Nevertheless, I will accept your counter challenge. There has never been a truly free market economy. It is an unattainable ideal. It requires strong limitations on the power of the government. The government, being made up of greedy, power hungry and often corrupt human beings, goes to great lengths to slander and undermine free markets. The false promise of socialism, “An all wise state will take care of everybody,” is very seductive. Too many people are not smart or informed enough to recognize the flaws in this promise (The state is not all wise but made of very fallible people. The state produces nothing and can not make good on the offer to provide without seizing by force from those who do produce. The offer to take care of while simultaneously forcibly taking from is a gross contradiction.) Those who buy into socialism are all too eager to abdicate power to the government. Therefore, so long as human nature is what it is, free markets are not attainable.
Should we abandon an ideal just because it is unattainable? Perfect health is unattainable. Should we just go kill ourselves then? Of course not. We strive to get as close to perfect health as we can. We push back against the constant onslaught of diseases. We should also push back against the constant attempts by government to usurp more power.
Even if free markets were attainable, would they work perfectly?
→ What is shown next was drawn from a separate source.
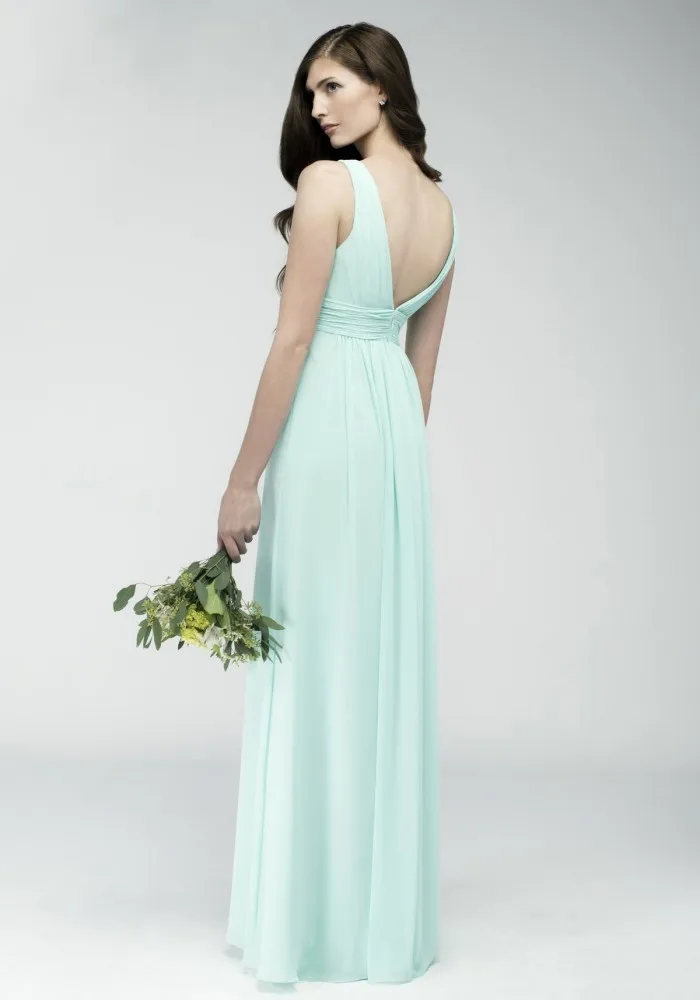 Изготовленное на заказ ТРАПЕЦИЕВИДНОЕ ПЛАТЬЕ с завышенной талией длинное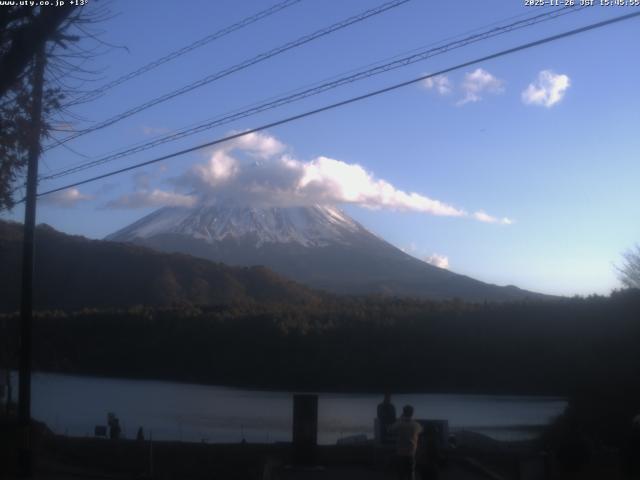 西湖からの富士山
Of course not. Nothing that involves people will ever work flawlessly. We have a spectacular knack of screwing things up. But knowing that, what’s the best we can achieve? What’s the least of all evils? What system would minimize the negative impact of people’s screw ups? A decentralized system fits that bill. A centralized power has unchecked ability to wreak unbounded destruction. Our founding fathers recognized that and devised a decentralized system of checks and balances. Is it flawless? Hell, it gave us 8 years of George W. Bush. But at least he left peacefully after 8 years instead of seizing power with an iron fist. Just because our system has its hiccups doesn’t mean we should abandon it in favor of totalitarianism.
There are no examples of free market economies. However, there are many examples of the alternatives, and they have yielded some horrible atrocities. The United Soviet Socialist Republic comes to mind, which gave us Stalin’s terror and eventually imploded in economic failure. This is not what we want! If we value freedom, we need to rediscover limitations on our government’s power. We should not hand them more rope with which to hang us.